To the dismay of the Munich crowd, which believes the only language Putin understands is military strength, Obama and the Europeans have opened up a diplomatic channel on Ukraine, which looked a little hapless this week when Putin scotched efforts to negotiate a ceasefire.

The deal, negotiated by Russian experts from the Clinton and Bush administrations, makes sense. It calls for U.N. peacekeepers, a withdrawal of Ukrainian and Russian forces and a guarantee that Ukraine does not become part of NATO. Backed by NATO solidarity and economic sanctions with teeth, it just might isolate Putin enough that he backs off.

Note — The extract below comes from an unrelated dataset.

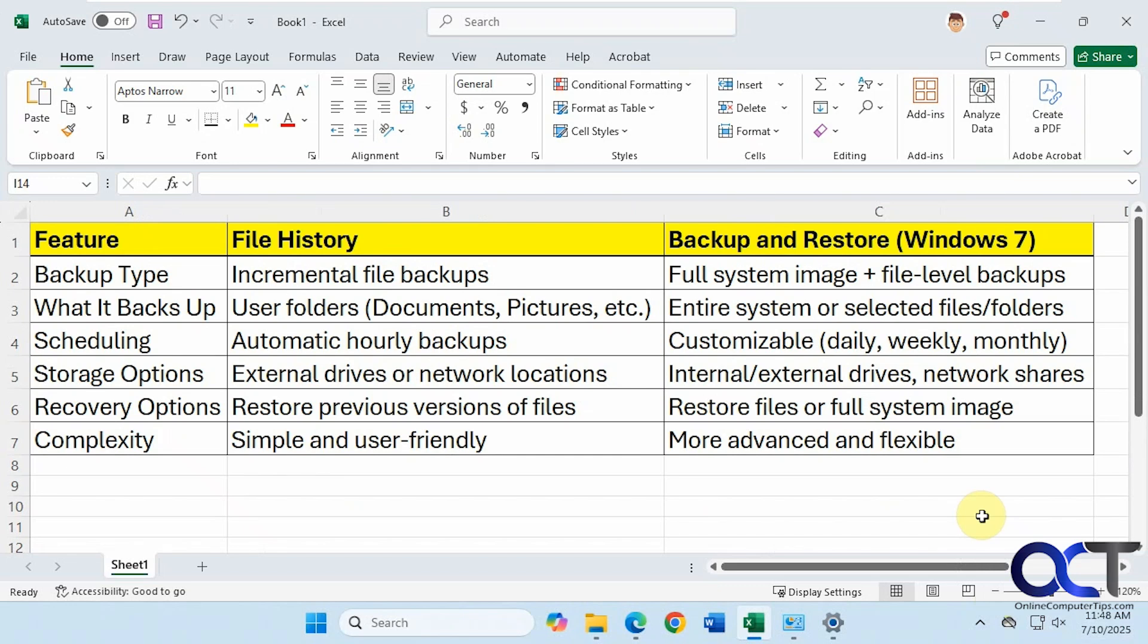Hi, in this video we're going to be talking about the difference between file history and the backup and restore tool in control panel when it comes to file level backups.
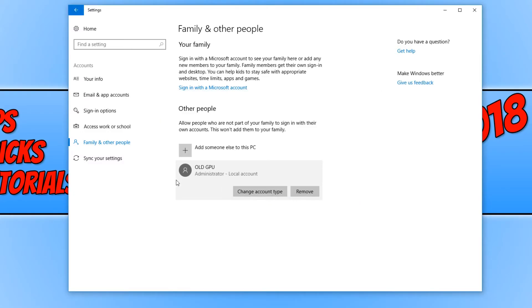And that is it. As you can see, it's changed it here — Administrator, local account. I hope this tutorial has helped. If it has, hit the like button below and subscribe for more Computer Sluggish tutorials.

Sometimes the United States doesn’t realize how much it has going for it. In 1949, when the treaty creating NATO was signed, Secretary of State Dean Acheson thought the Pentagon was so weak that NATO would be crushed by the Soviet Union and its mighty Red Army. At the signing ceremony, according to Walter Isaacson and Evan Thomas’ The Wise Men, Acheson noted that the band’s selection of show tunes included “I’ve Got Plenty of Nothing” and “It Ain’t Necessarily So.”

Today, the West has plenty of plenty—its military and economic strength dwarfs anything available to Russia, much less ISIS. But to make it so—to keep the peace—the United States and its European allies must act in concert to show the world yet again that might can never make right.